Como María no le suelta el brazo, decide enseñarnos uno que se llama David. Esta persuadido que nos va a entusiasmar, incluso lo podemos consultar allí mismo. Me siento tan decaída que solo deseo marcharme a casa pero María insiste.

—No perdemos nada por verlo, a lo mejor  nos tenemos que modernizar. 
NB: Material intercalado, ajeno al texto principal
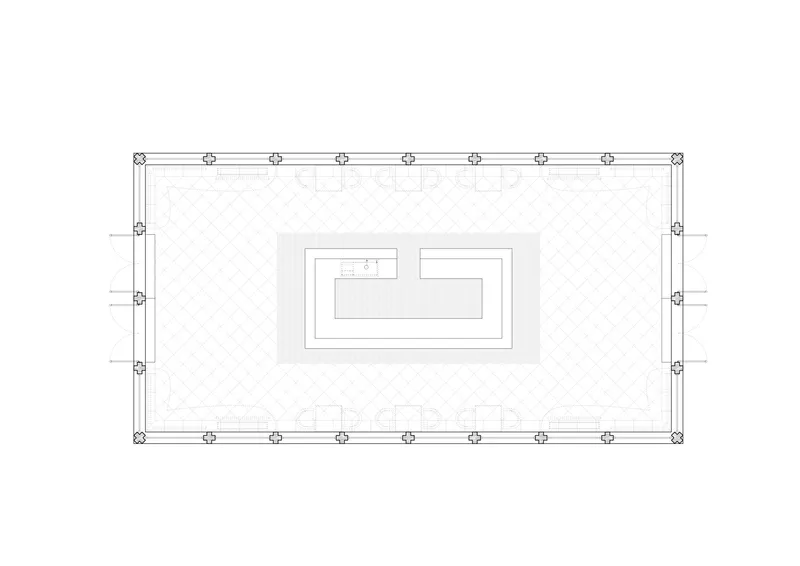 Floor plan drawing showing a rectangular space with perimeter columns and a central sunken area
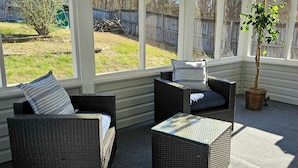 En overdækket terrasse med fletmøbler, en potteplante og udsigt til en baghave.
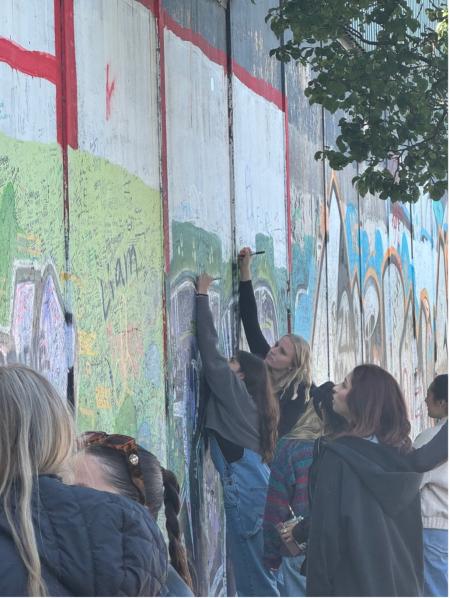 1CSULB students on a study-abroad trip to Ireland sign a peace wall in Belfast. Walls were built to mitigate violence between nationalist Catholic and unionist Protestant areas.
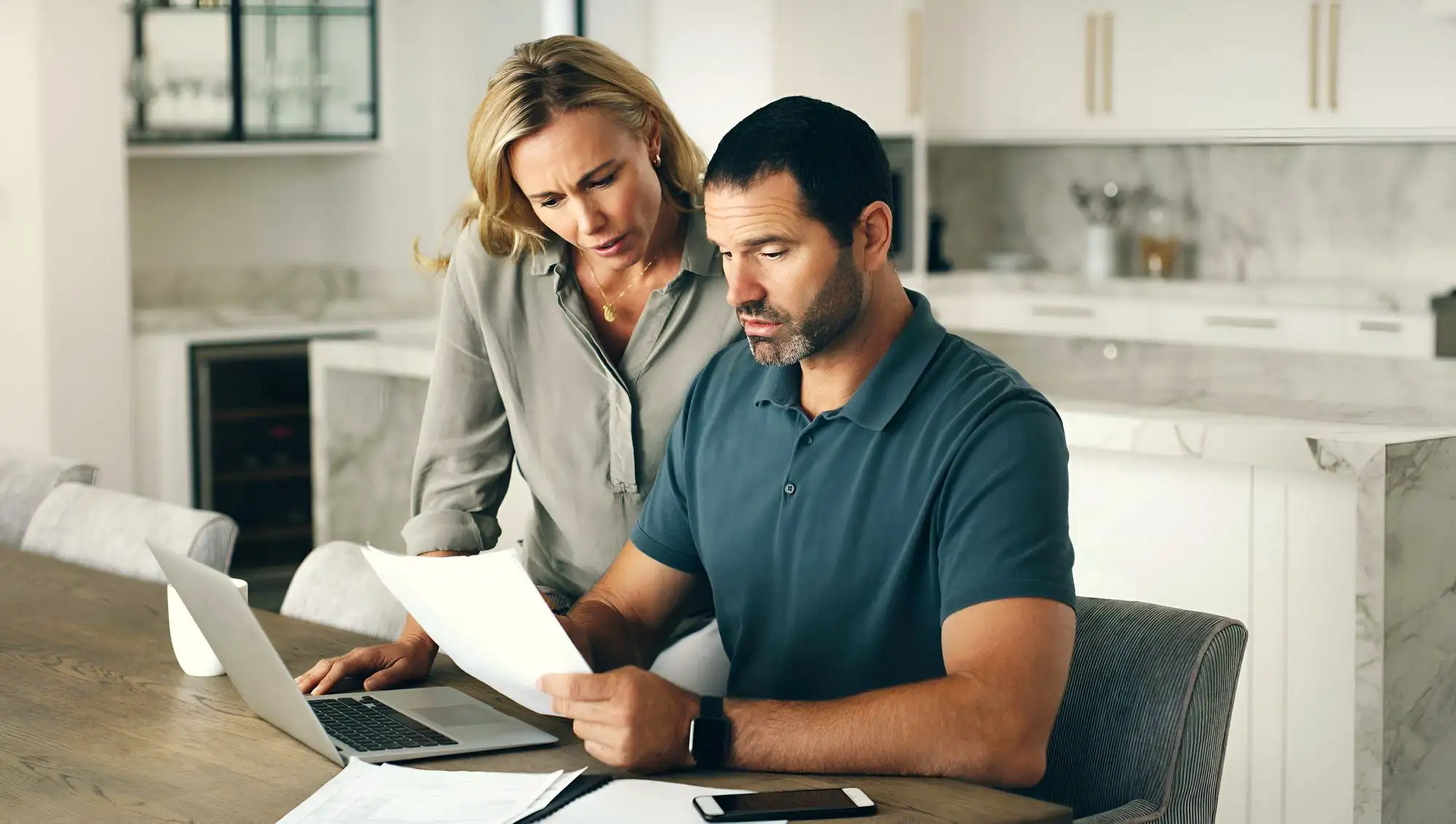new york homeowners couple reviewing their central hudson electric bill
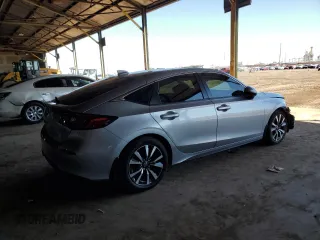 2023 Honda Civic EX-L z VIN 19XFL1H77PE004072, wystawiony jako Copart lot #49524855 z przebiegiem 21 100 mil mil oraz Szkoda całkowita • Salvage title. Historia ofert i sprzedaży dostępna na DreamBid. Obrazek 3.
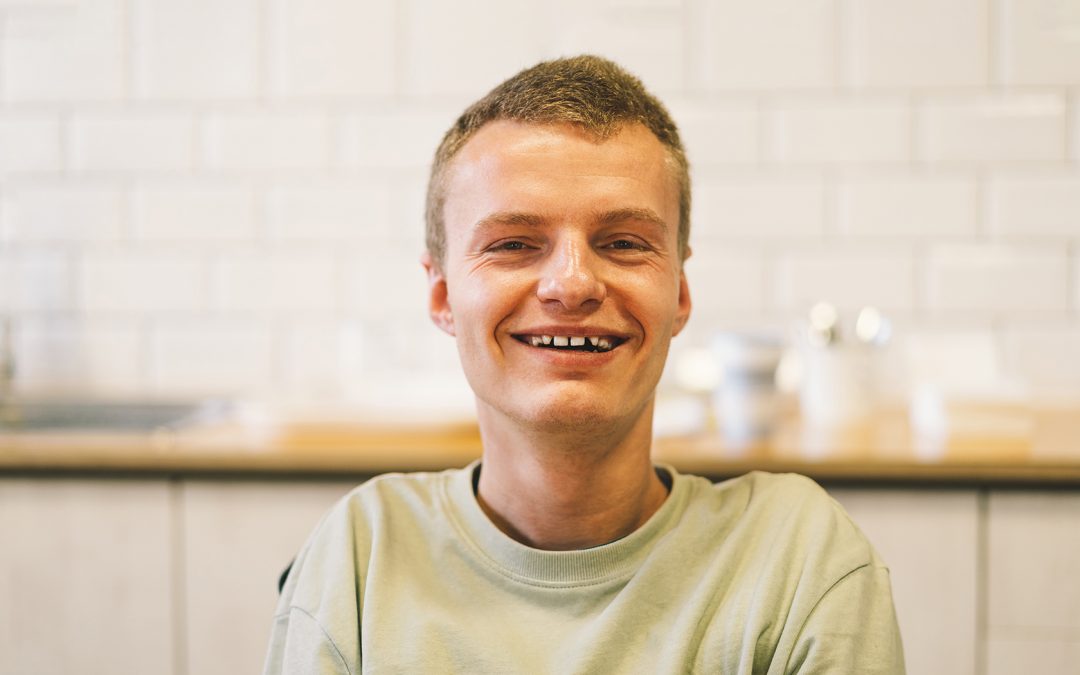 Portrait of young man with disabilities smiling.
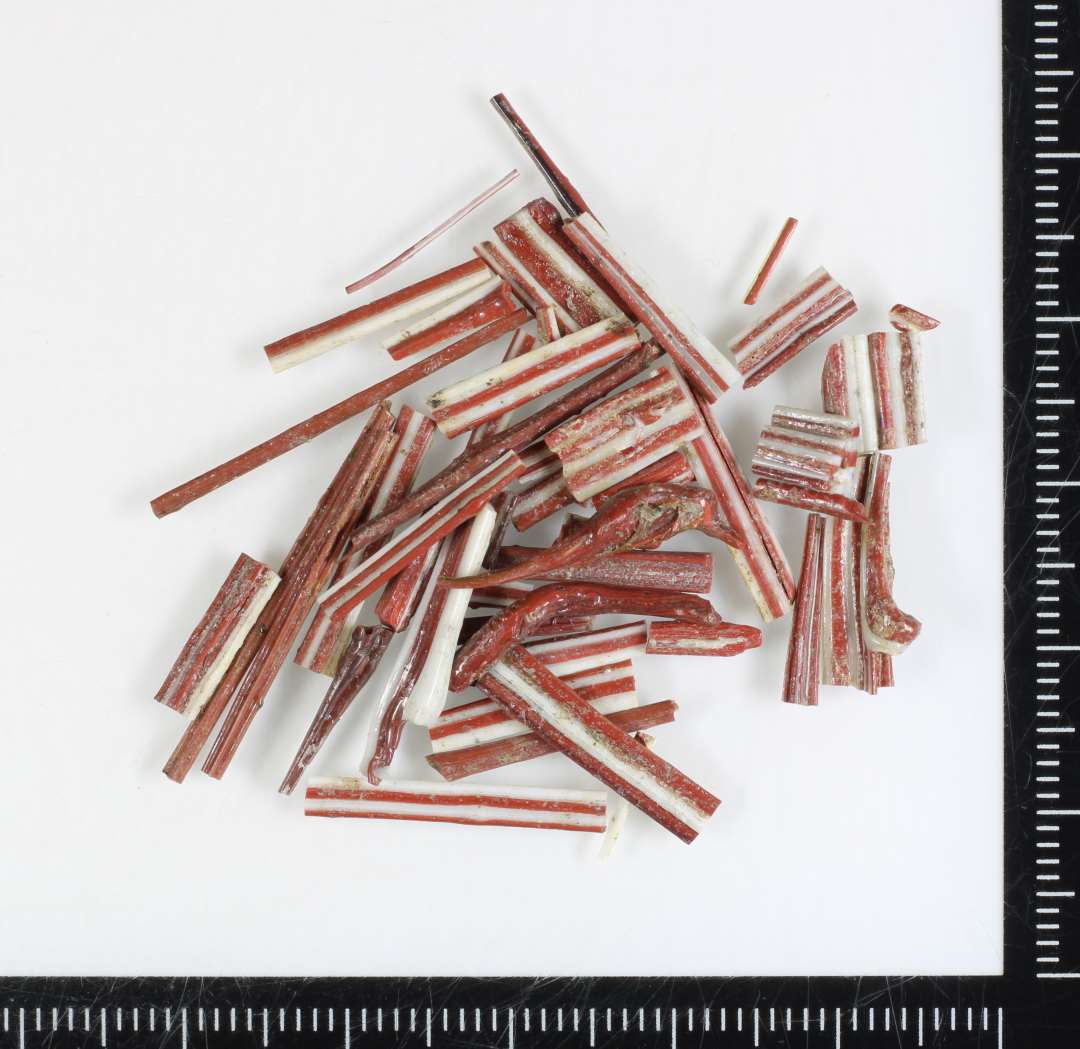 En samling fragmenter af varierende smallere og bredere, flad bændelagtigt stangform bestående af sammensmeltede tråde af ugennemsigtig hvidgrå og rødbrunlig glasmasse.
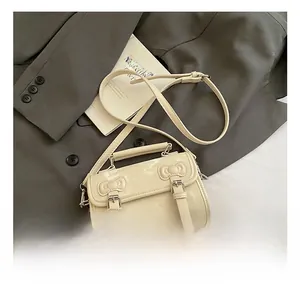 Close-up of cream patent leather mini bag with decorative bows and silver hardware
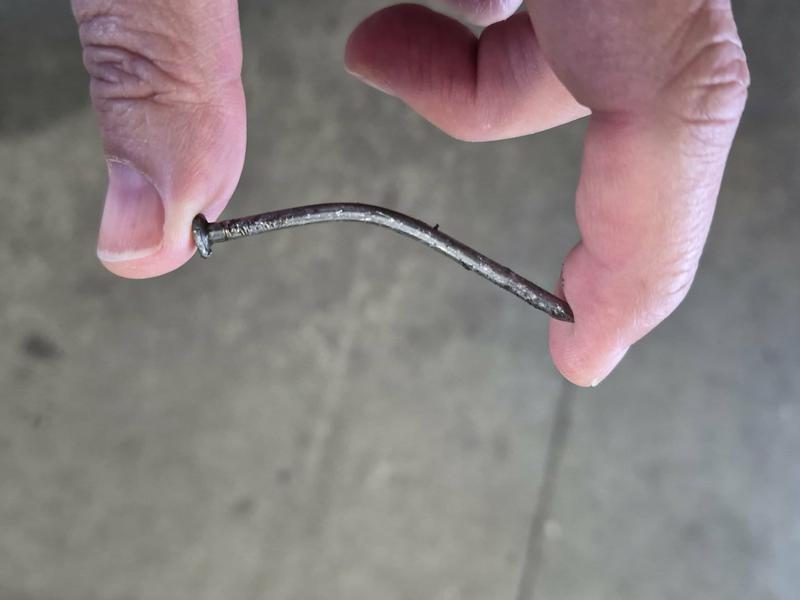 punctured new tire, self seal fail, nail bellow the bend buried in the self-seal which didn't seal. You can see the line of the nail in the self-sealant which for some reason didn't seal it, the self-seal looks not to have been breached.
      David es horrible, no sé como le puede gustar a alguien. Es joven; se ve que era moreno pero se ha teñido el pelo que  lleva muy corto, peinado en forma de púas, lo que le da el aspecto de un erizo albino. Lleva tres anillos en el lóbulo de la oreja  derecha y el tatuaje  de un león en un brazo. Hace alarde de una musculatura impresionante. No quiero ver más. ¿Adónde esta el refinamiento de Roberto? 

Por la noche, tengo pesadillas. En medio de una tormenta intentó agarrar a Roberto que se escurre entre mis dedos. Mientras se desvanece para siempre, quiero gritar su nombre pero ningún sonido sale de mis labios a pesar de mis esfuerzos. En la noche cerrada, aparece, en medio de la oscuridad, la frase fatídica: Este programa no responde. Está escrito en verde con luz que parpadea, implacable. Me despierto por fin, sudorosa y asustada. 

 

             ¡Y todo esto por no haber hecho una copia de seguridad!